◆ What you have to do ◆
Write again exactly the lines in the listing below, starting at the line with "This first one" and ending at the line with "Best of all, DashSkin", both included. Pictures are not copied.

════════

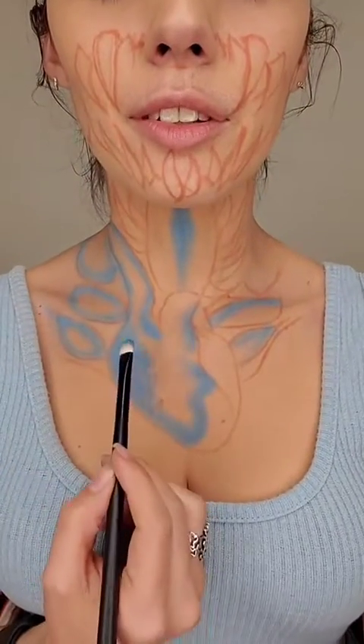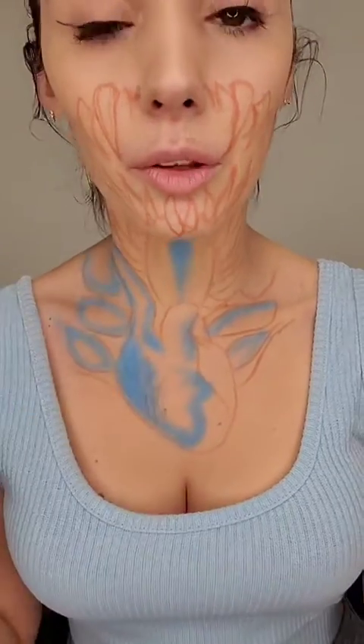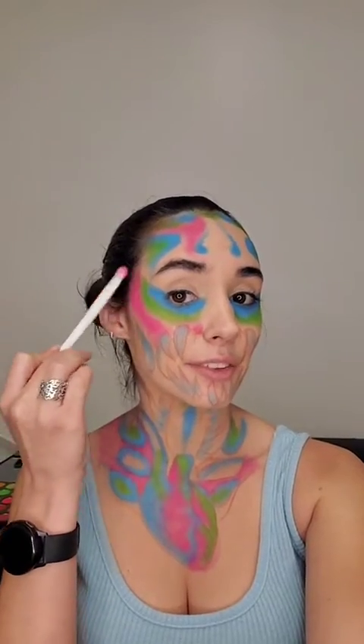As you can see I started applying blue all over the places where in the picture you would see blue. Now we're gonna apply the green. At this point you guys need to trust the process because you're gonna look crazy before you start looking good. Enough with the green, let's do pink. I have no idea where this is going at this point.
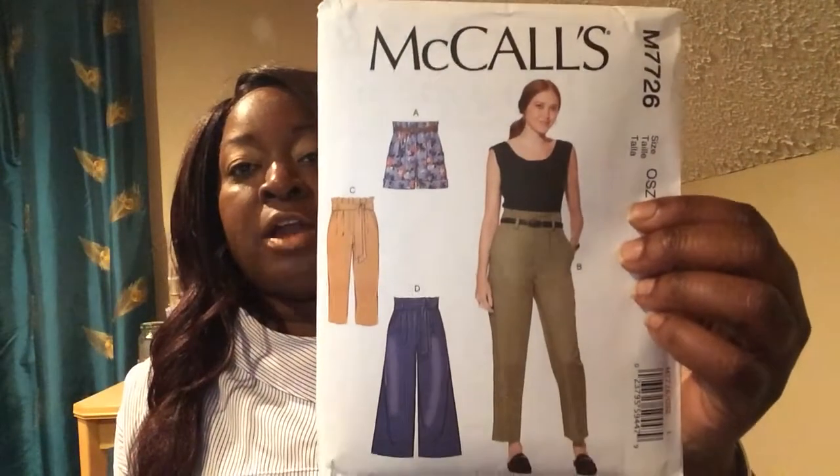This first one is number 7726. I follow Brittany J — she's another YouTuber here who makes beautiful pieces — and she did a sew-along for this pattern. I think she does a great job, but I didn't find this pattern to be easy. Yet it clearly says 'easy' right here on the back at the top.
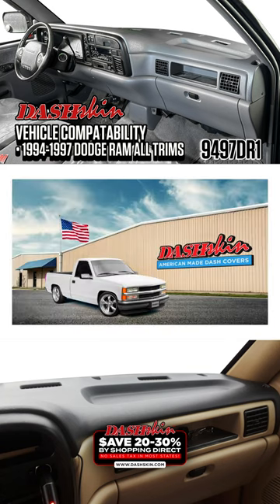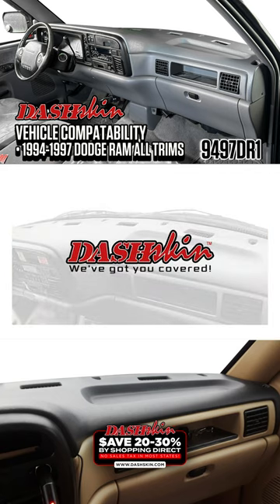Best of all, DashSkin dash covers are made right here in America and guaranteed for life. DashSkin, we've got you covered.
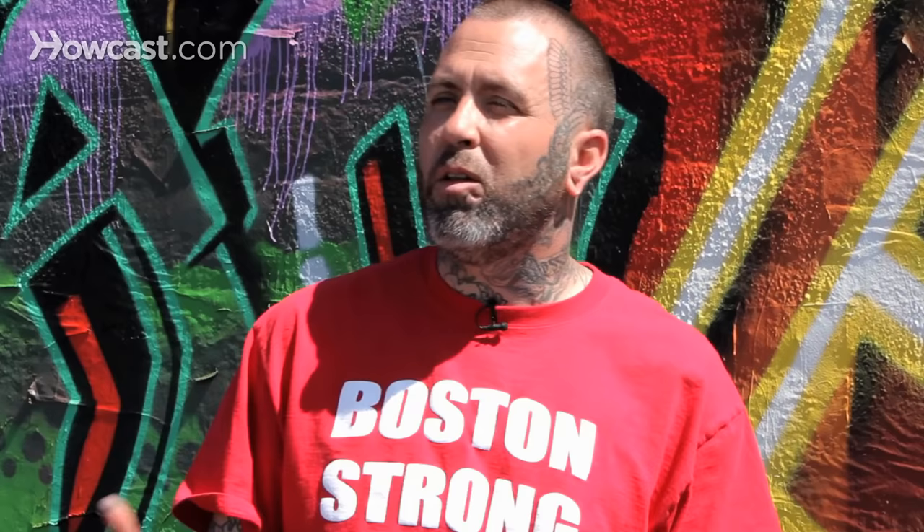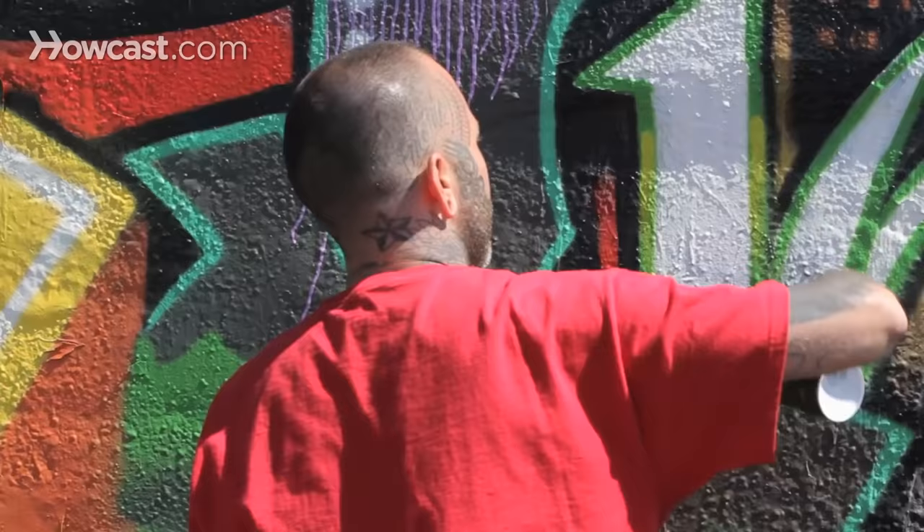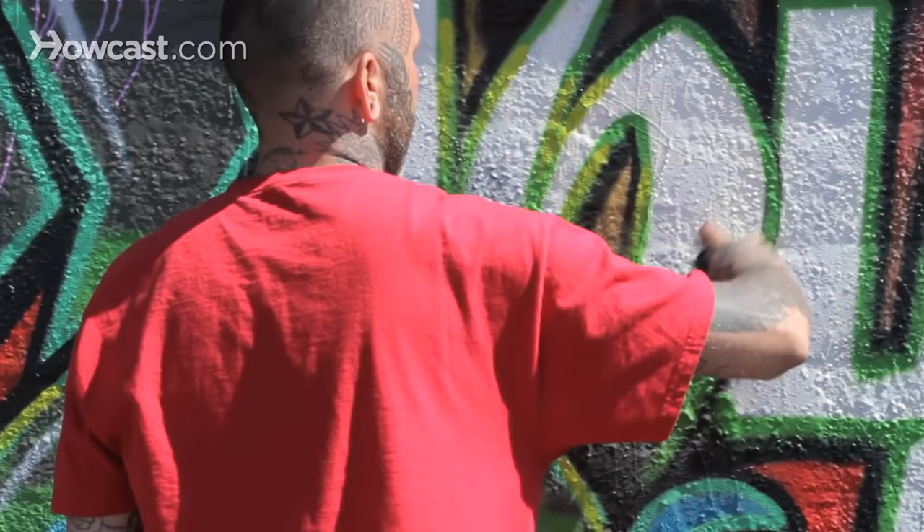Secondly, find a place to do this. Look for places in your town, locally owned businesses that will give you permission to go explore your graffiti talents. So as you get better at these simpler styles and start to understand your own style and bending and torquing these letters out, you will eventually build up to a wild style.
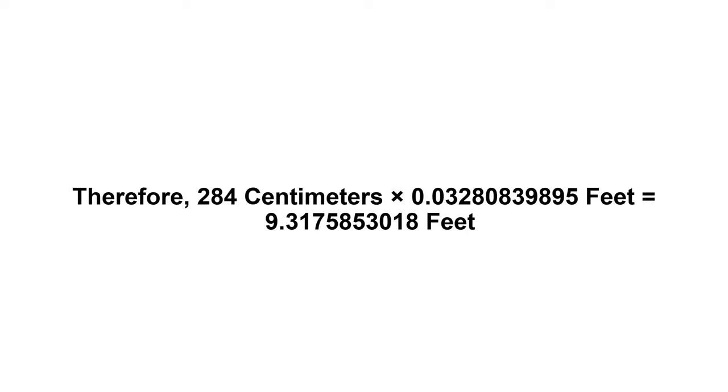Now we have to multiply zero point zero three two eight zero eight three nine eight nine five by two hundred and eighty four. Therefore, two hundred and eighty four centimeters times zero point zero three two eight zero eight three nine eight nine five feet equals nine point three one seven five eight five three zero one eight feet.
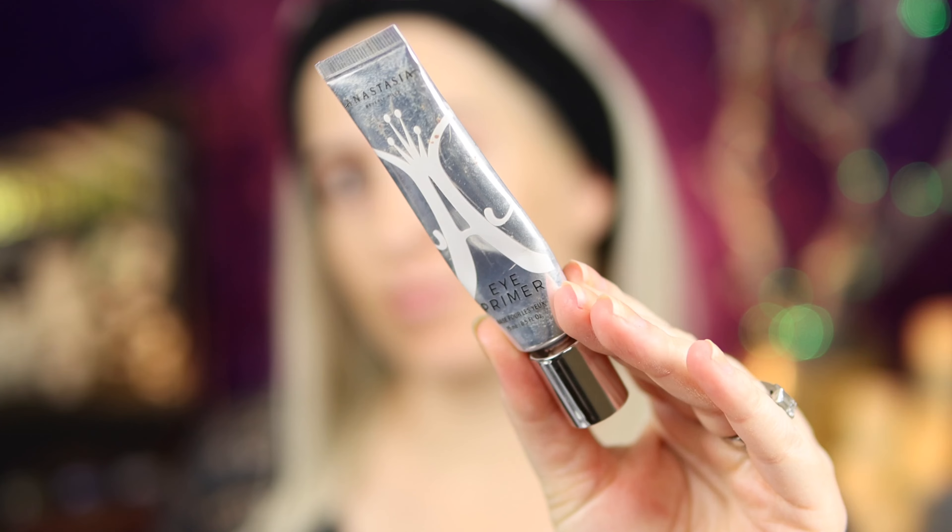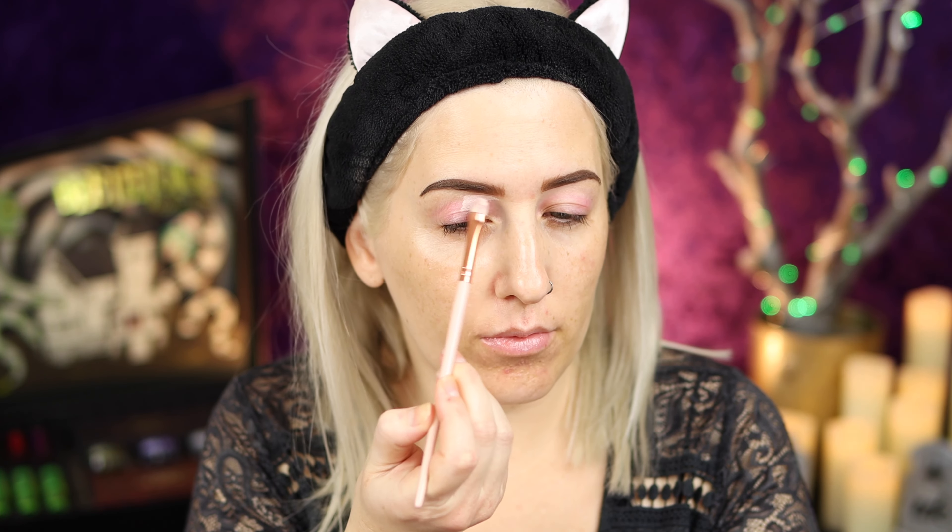Let's get started. I went ahead and already primed my eyes with ABH eye primer and then set underneath my brows. One thing I want to mention: you might see the shade called Sandworm up here and think it might be a good base shade because it looks white — but it tricked me. The first time I used this palette I must've realized it was gray, but the second and third time I was like, wait, that's a base shade, that's a white — it's not a white.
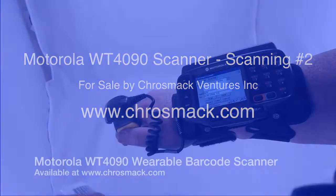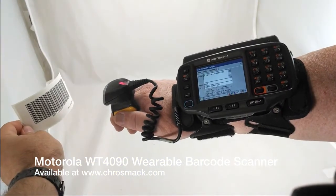Welcome to another short video about a piece of equipment we have here at crossmac.com, the Motorola WT4090.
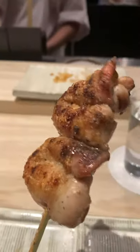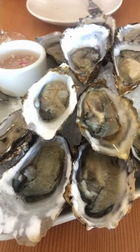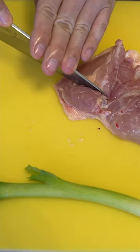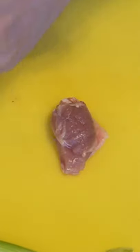This is the oyster. No, these aren't the oysters you get on the shell. Instead, it's a muscle on the thigh. This is the oyster. It ranges in size from a small grape to a nugget, depending on how big the chicken is.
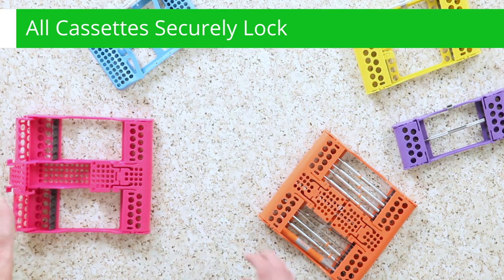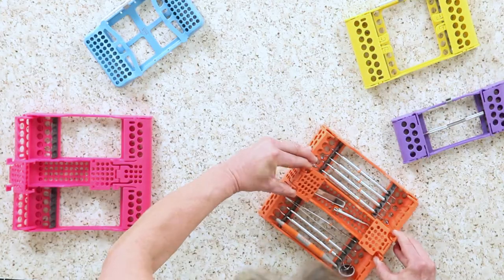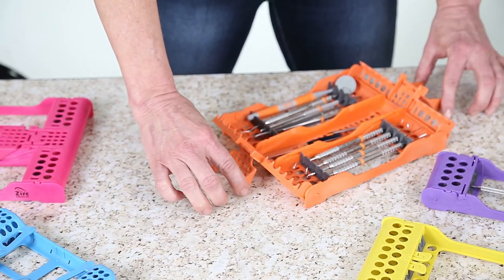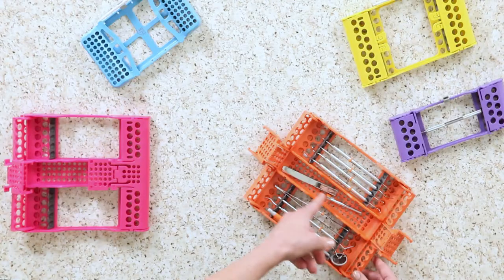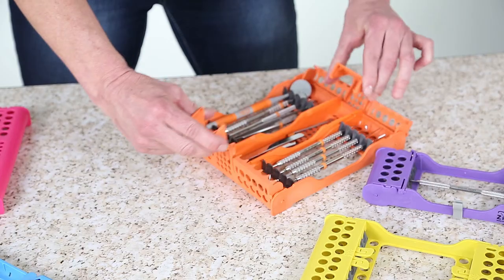Now these two are our 10-place cassettes. To open, you simply pinch them here and slide it open. The center column in the cassette provides additional storage, which works well for extra hand instruments. The cassette can be closed to lock everything in its place.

════════

◆ Solution ◆
This first one is number 7726. I follow Brittany J — she's another YouTuber here who makes beautiful pieces — and she did a sew-along for this pattern. I think she does a great job, but I didn't find this pattern to be easy. Yet it clearly says 'easy' right here on the back at the top.
Best of all, DashSkin dash covers are made right here in America and guaranteed for life. DashSkin, we've got you covered.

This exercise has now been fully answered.